While reading Isaiah McKinney’s recent piece on Chevron v. Natural Resources Defense Council, I was struck by how different people can see the exact same facts and yet draw such wildly different conclusions from them. Where McKinney sees a problem with lower courts’ applying Chevron while the Supreme Court has relied on it less in recent years, I see lower courts doing exactly what they should be doing: Following Supreme Court precedent until a majority of the Court overrules it.
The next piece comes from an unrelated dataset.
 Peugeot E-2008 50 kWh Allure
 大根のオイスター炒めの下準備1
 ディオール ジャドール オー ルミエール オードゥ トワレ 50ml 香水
McKinney notes that the Supreme Court did not rely on Chevron in the 2021 Term and has not deferred to an agency’s reasonable interpretation of an ambiguous statute at Chevron step two in six years. But he also notes that the Supreme Court cited Chevron three times in the 2020 Term and has analyzed ten cases under Chevron since 2014—that’s ten times in less than ten years. These statistics aren’t too shabby considering the record low number of Supreme Court decisions in recent years and the fact that Chevron really matters only in a small number of cases at the Court in which (1) an agency (2) provides an outcome determinative and (3) legally binding interpretation of (4) an ambiguous statutory provision. Given all this, one might reasonably question the assumption that Chevron has been “effectively buried” at the Court, as Justice Gorsuch recently suggested in his dissent from the denial of a petition for certiorari in Buffington v. McDonough. Putting that aside, and even assuming that the Justices have become skittish about relying on or even referencing Chevron in recent years, a majority of the Court has not overruled the decision—one of the most relied-upon decisions in the Court’s history.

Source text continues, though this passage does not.